Wow! Yeah, I just saw this earlier this morning! This looks really good. This is starting to feel like this will be the year for VR/AR. The new lenses and mini-led and micro OLED will be amazing for VR. This specs for PSVR2 are amazing. I just want to know price now. lol I bet we hear more about Project Cambria very soon after this announcement. I know FB doesn't want anything to take the winds out of it's sails for Quest 2. This might even push Valve to show us something as well, but I doubt it. lol Honestly though Horizon could dethrone HLA from being the best VR game. I mean it probably won't for me but for most it might. 

Sony has made some really good games for the old PSVR. I can only imagine they will keep that going with PSVR2. Hopefully, we hear about more games soon. Sony had a pretty good lineup for PSVR. This is very exciting. I hope I can get a PS5 before this launches.


----------



## DuxCro (Jan 5, 2022)

Unfortunately, when talking about Horizon, they keep mentioning the word "experience." And it looks like some pretty on rails experience, rather than actual game where you are free to explore about. I hope they prove me wrong.


----------



## toilet pepper (Jan 5, 2022)

DuxCro said:


> Unfortunately, when talking about Horizon, they keep mentioning the word "experience." And it looks like some pretty on rails experience, rather than actual game where you are free to explore about. I hope they prove me wrong.


I caught that too and the trailer implies it is like that as well. The PSVR 2 claims to have foveated rendering which is a game changer and they could do wonders with the hardware it has. If they make it wireless then it really is a game changer.




Mindweaver said:


> Honestly though Horizon could dethrone HLA from being the best VR game



The problem with HLA is the hardware needed to have a great experience with the game. So far nothing remotely compares to the WOW factor I got from my first time launching HLA.


----------



## Mindweaver (Jan 5, 2022)

DuxCro said:


> Unfortunately, when talking about Horizon, they keep mentioning the word "*experience.*" And it looks like some pretty on rails experience, rather than actual game where you are free to explore about. I hope they prove me wrong.
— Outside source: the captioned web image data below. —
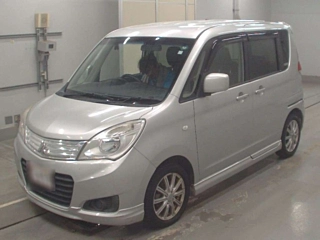 MITSUBISHI DELICA D2 2015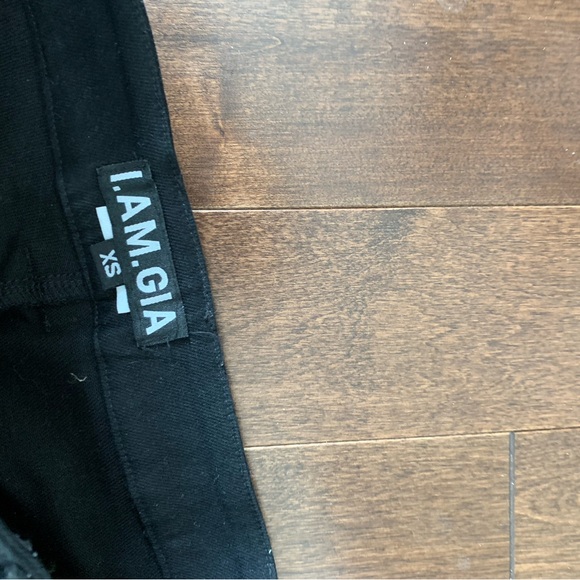 Black cotton zipper detail jeans and shorter length - Picture 3 of 8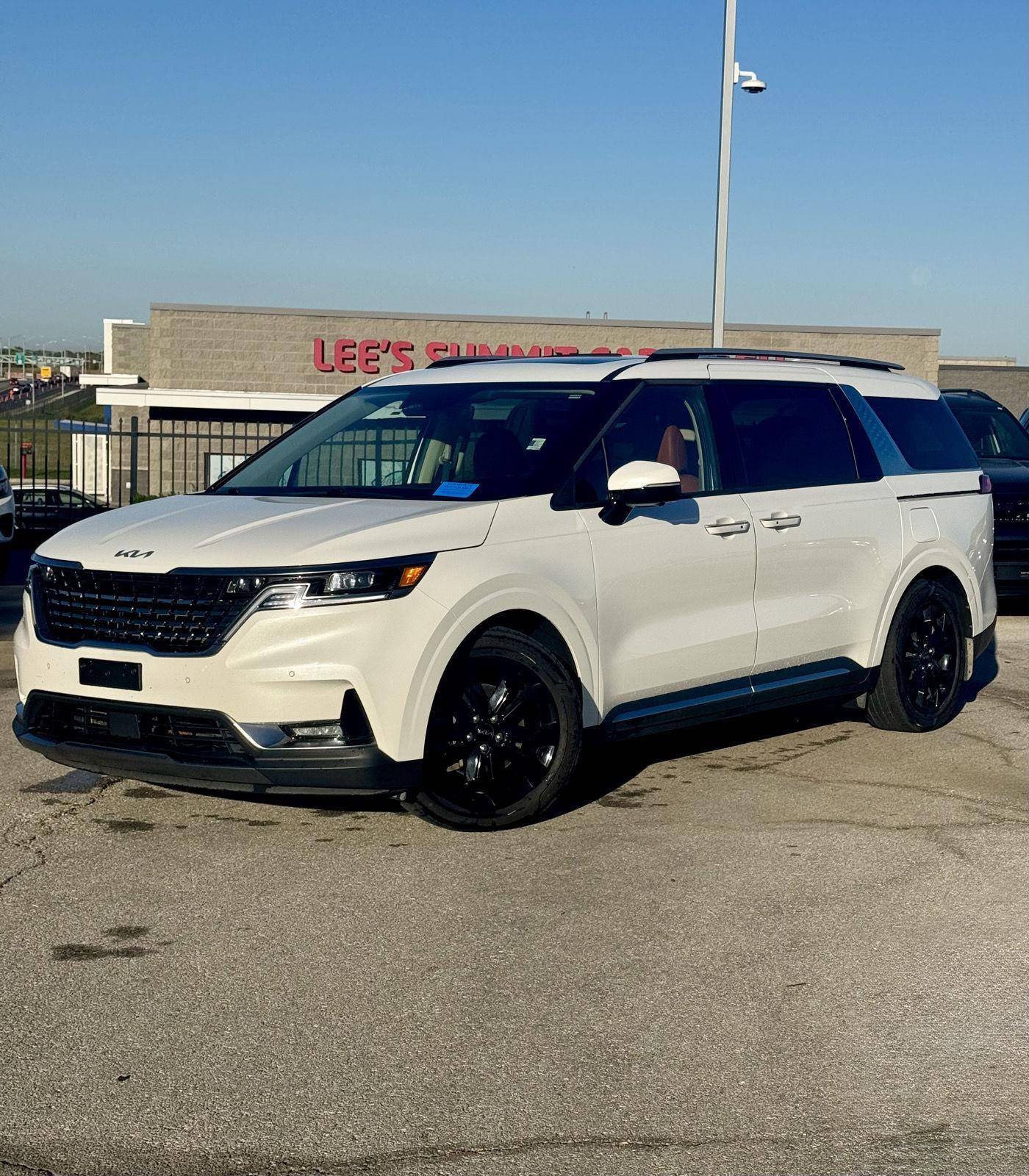 2023 Kia Carnival SX Prestige — Minivan — 34,967 mi — Lees Summit, MO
Nice catch, I did not see that part.

*EDIT: I just watched the ces event and it says full game built for PSVR2 from the ground up, check out this video.*












toilet pepper said:


> The problem with HLA is the hardware needed to have a great experience with the game. So far nothing remotely compares to the WOW factor I got from my first time launching HLA.


Yeah, HLA is amazing. The hardware isn't as bad as one might think. I just tried HLA using a GTX 970 and Quest 2 over Airlink and it was amazing. Now, not as good as my RTX 2070 and Rift S setup. I bought a usb cable to use link with Quest 2. I need to test it out as well. I didn't get the official cable. I'm just super surprised I can even play HLA with a GTX 970 and Quest 2. Airlink works really well and for the most part looks great. I think we will see HLA announced for PSVR2 before launch. It will be the premier way to play it unless Valve announces their new HMD.


----------



## Octavean (Jan 7, 2022)

I bought a PSVR when it was first released as a birthday gift for my Son.  It wasn’t cheep.  After seeing how the prices dropped over time I think I can say that I’ll give the PSVR2 a miss when it’s first released and wait it out at least a season or two before buying.  

im guessing it will be a fairly good VR HMD but it will probably be a bit on the expensive side.


----------



## DuxCro (Jan 15, 2022)

Octavean said:


> I bought a PSVR when it was first released as a birthday gift for my Son.  It wasn’t cheep.  After seeing how the prices dropped over time I think I can say that I’ll give the PSVR2 a miss when it’s first released and wait it out at least a season or two before buying.
> 
> im guessing it will be a fairly good VR HMD but it will probably be a bit on the expensive side.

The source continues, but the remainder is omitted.